Here are some photos of the rest of our gardens. First are the white yarrows. There are also red and pink ones in other parts of the yard:
The first squash...it bloomed this morning.
Skyrockets are in the foreground. A hummingbird came to breakfast among them this morning. Indian paintbrush and desert four o'clocks grace the midground.
The first bell pepper:
This is a fairly new bed, with chives, mallows, cosmos, tarragon, and Apache plume.
The pole beans, I believe, are going to outgrow these tomato cages. Vegetable gardening is done in raised beds, 3' by 6', filled with 12" of carefully composted soil. A must in volcanic cinder land.
This is one of my favorite flowers of the desert southwest. It's called by several names, most commonly indian blanket, or blanket flower. It reminds me of an Arizona sunset.
Art play has been pretty limited, snatched when I've had too much sun, or while waiting for lunch to settle. And it's all been little projects that I could finish quickly. I started playing with the book, "Collage Lab," mentioned in a prior post, and got through the chapter on texture. I'm finding it really nice to go back to basics and be reminded of fun techniques I'd forgotten, and a few new things I never learned. These are a few of the sample exercises and experiments in texture I played with:
They'll probably be bound together in a book as sort of a visual primer on texture.
There's been quite a bit of mail art, too. Some of these are not quite finished yet, needing text of some kind before being sent off.

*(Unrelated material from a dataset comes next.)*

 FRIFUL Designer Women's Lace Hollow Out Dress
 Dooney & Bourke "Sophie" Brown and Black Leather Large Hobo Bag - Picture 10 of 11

All this heavy labor in the yard has left me feeling my age, bum knee, back problems, post-dislocated shoulders. My chiropractor shakes her head every week when I tell her what I've been up to. I looked in the mirror a couple of days ago, and received a huge shock. I didn't recognize myself. Who is that old woman? I wondered. What did they do with Sharon, and when will they bring her back? Last time I noticed, I was just a girl, middle aged, maybe forty-two-ish, and on the inside, I'm really just a wise fifteen-year-old. How disorienting to see myself growing...old.
Kris brought me this one day, a cupcake, from the local cupcake lady, "Katy's Cupcakes," who operates out of a lunch truck parked in front of the old Furniture Barn on Milton...
...and suddenly, I was five years old again.
Thanks for visiting. Come again soon.